• **Given data**:
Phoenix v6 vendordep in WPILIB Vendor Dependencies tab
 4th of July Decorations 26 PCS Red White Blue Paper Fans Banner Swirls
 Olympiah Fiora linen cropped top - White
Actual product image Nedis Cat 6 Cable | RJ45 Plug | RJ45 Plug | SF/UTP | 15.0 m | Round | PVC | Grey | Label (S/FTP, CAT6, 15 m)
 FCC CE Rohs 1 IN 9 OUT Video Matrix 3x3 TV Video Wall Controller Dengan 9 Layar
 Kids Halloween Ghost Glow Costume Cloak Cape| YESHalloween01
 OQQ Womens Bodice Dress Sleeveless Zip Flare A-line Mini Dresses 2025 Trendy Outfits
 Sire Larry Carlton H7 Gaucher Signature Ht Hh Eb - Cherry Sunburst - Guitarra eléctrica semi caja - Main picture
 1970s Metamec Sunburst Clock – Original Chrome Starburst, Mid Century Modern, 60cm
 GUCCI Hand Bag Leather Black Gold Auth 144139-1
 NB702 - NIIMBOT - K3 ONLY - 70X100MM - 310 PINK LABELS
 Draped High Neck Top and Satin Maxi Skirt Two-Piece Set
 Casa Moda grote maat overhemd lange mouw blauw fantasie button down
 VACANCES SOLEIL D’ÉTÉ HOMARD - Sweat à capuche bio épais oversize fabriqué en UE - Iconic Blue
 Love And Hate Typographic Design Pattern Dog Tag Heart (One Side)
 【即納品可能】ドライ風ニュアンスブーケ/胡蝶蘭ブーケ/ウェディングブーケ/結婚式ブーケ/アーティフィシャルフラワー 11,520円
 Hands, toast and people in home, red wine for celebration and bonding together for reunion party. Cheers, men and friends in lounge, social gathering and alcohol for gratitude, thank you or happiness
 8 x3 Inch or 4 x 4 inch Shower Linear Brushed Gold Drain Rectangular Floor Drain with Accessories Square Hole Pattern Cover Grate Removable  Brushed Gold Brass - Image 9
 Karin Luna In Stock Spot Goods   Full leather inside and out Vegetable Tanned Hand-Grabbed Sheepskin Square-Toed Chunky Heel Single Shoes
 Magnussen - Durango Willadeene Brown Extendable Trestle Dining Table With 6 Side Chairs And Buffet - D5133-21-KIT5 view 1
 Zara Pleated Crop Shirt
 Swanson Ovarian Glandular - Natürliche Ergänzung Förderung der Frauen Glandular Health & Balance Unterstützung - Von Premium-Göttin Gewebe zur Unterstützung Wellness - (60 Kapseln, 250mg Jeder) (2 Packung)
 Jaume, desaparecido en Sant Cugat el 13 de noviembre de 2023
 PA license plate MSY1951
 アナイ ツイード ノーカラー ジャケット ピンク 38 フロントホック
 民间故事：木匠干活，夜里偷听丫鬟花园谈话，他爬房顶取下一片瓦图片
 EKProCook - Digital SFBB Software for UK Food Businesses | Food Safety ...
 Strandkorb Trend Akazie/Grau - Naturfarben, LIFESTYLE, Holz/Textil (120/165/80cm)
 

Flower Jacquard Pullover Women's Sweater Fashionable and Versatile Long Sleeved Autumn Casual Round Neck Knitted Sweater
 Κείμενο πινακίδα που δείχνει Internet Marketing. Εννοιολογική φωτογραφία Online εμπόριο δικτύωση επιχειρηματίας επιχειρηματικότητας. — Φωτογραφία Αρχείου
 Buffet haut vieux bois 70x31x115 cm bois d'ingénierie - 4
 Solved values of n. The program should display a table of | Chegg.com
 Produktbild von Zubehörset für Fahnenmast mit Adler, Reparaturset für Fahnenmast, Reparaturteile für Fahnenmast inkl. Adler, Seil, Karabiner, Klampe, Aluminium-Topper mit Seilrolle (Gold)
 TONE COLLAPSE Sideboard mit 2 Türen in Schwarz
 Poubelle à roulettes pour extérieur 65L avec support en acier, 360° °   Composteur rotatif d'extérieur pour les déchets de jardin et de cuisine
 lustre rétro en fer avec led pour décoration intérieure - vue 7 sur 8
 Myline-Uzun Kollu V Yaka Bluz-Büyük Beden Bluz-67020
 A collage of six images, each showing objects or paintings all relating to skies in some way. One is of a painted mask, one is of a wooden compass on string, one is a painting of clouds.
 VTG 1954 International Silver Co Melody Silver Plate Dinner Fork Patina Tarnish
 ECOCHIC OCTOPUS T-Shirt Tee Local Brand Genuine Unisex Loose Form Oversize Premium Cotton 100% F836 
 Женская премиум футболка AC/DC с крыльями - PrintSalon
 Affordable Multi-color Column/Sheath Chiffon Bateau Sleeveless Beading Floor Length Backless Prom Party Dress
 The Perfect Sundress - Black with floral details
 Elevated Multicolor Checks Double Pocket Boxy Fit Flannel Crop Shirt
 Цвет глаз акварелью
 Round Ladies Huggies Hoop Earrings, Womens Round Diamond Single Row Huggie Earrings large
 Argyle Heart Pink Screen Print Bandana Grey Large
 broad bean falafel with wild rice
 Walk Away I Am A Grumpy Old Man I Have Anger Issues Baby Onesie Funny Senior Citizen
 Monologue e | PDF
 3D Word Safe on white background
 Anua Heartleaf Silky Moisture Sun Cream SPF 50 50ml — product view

• **Work required**: Keep only those lines of the records that hold "Black", and return them.

• **Task output**:
 GUCCI Hand Bag Leather Black Gold Auth 144139-1
 The Perfect Sundress - Black with floral details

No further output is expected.